The paper constructs a massless Lifshitz scalar theory with arbitrary dynamical exponent z in (d+1) dimensions using fractional derivatives, establishing a Rokhsar–Kivelson ground state in (1+1)D and revealing a continuous ground-state degeneracy parameterized by a classical solution. It develops a 2d/1d correspondence for equal-time correlators via a 1D auxiliary path integral, and computes a suite of entanglement measures (entanglement entropy, mutual information, reflected entropy, Markov gap) for finite and disjoint interval configurations, all expressed through cross ratios that depend on z. The authors demonstrate a monotonic c-function along RG flow for z≥1 and connect the field theory results to holography by proposing a z-dependent Lifshitz radius in the bulk, deriving time-like entanglement entropy holographically, and discussing implications for a fundamental time-like entanglement definition beyond analytic continuation. Together, these results broaden the understanding of Lifshitz field theories, their entanglement structure, and their holographic descriptions, with implications for quantum critical systems and nonrelativistic holography.

Abstract

By using the notion of fractional derivatives, we introduce a class of massless Lifshitz scalar field theory in (1+1)-dimension with an arbitrary anisotropy index $z$. The Lifshitz scale invariant ground state of the theory is constructed explicitly and takes the form of Rokhsar-Kivelson (RK).
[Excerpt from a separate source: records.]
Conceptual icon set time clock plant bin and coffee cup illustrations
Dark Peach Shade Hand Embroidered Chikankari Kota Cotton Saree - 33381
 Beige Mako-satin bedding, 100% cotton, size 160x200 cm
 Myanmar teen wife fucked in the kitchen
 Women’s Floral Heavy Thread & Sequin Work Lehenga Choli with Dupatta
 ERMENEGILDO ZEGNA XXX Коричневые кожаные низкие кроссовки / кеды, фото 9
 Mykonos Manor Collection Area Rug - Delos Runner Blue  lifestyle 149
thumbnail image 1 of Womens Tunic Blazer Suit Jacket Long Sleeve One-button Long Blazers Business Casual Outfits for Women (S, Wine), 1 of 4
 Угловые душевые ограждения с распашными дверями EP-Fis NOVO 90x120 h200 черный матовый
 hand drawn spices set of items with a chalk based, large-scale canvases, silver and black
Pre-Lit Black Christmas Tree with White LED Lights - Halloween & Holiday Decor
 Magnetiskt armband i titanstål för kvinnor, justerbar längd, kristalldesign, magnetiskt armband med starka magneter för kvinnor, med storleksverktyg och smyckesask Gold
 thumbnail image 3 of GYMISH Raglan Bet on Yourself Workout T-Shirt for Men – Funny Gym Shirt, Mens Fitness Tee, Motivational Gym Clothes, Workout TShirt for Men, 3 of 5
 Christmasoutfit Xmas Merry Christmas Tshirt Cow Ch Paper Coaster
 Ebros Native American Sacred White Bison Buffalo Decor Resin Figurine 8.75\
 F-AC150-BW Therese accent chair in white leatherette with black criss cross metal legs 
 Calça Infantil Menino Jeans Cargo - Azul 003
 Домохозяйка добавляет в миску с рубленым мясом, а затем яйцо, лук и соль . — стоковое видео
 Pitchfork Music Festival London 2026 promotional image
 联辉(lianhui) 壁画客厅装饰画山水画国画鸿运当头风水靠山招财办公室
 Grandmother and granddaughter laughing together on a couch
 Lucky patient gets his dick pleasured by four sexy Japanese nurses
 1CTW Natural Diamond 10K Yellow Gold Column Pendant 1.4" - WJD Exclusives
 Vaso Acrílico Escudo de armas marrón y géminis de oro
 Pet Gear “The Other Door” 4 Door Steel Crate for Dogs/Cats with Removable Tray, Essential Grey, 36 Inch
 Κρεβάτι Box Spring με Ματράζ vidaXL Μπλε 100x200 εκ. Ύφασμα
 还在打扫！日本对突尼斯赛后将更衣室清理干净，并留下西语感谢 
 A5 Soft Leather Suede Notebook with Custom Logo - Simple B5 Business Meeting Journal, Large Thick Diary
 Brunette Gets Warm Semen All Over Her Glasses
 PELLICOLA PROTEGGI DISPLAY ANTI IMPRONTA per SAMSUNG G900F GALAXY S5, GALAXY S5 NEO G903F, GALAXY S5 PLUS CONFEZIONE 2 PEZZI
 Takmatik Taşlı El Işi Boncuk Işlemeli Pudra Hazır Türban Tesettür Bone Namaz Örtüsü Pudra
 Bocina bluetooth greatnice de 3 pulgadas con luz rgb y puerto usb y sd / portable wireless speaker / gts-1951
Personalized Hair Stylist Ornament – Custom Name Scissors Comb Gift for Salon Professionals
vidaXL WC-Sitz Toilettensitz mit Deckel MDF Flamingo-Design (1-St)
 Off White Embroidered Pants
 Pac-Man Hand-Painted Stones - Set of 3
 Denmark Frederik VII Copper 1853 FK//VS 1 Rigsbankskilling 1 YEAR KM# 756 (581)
We show that there is a continuous family of ground states with degeneracy parameterized by the choice of solution to the equation of motion of an auxiliary classical system. The quantum mechanical path integral establishes a 2d/1d correspondence with the equal time correlation functions of the Lifshitz scalar field theory. We study the entanglement properties of the Lifshitz theory for arbitrary $z$ using the path integral representation. The entanglement measures are expressed in terms of certain cross ratio functions we specify, and satisfy the $c$-function monotonicity theorems. We also consider the holographic description of the Lifshitz theory. In order to match with the field theory result for the entanglement entropy, we propose a $z$-dependent radius scale for the Lifshitz background. This relation is consistent with the $z$-dependent scaling symmetry respected by the Lifshitz vacuum. Furthermore, the time-like entanglement entropy is determined using holography. Our result suggests that there should exist a fundamental definition of time-like entanglement other than employing analytic continuation as performed in relativistic field theory.

Figures (6)

• Figure 1: Schematic for the configuration consisting of intervals $A$ and $B$.
• Figure 2: Schematic of two adjacent intervals.
• Figure 3: Schematic of two disjoint intervals in a finite system.
• Figure 4: The Markov gap as function of $z$ for two disjoint intervals ${B_1}$ and ${B_2}$. It depends on the relative size of the separation interval $A$ in comparison with the minimum length of ${B_1}$ and ${B_2}$. When $l_A$ is not the minimum length of the three, the Markov gap, approaches to zero for large $z$ (green curve), otherwise it saturates to a finite value.
• Figure 5: Geodesics for holographic time-like entanglement entropy computed in the Poincaré patch. The two mirroring curves that reach the boundary provide the real contribution, while the other bulk curve provides the imaginary part of the time-like entanglement entropy.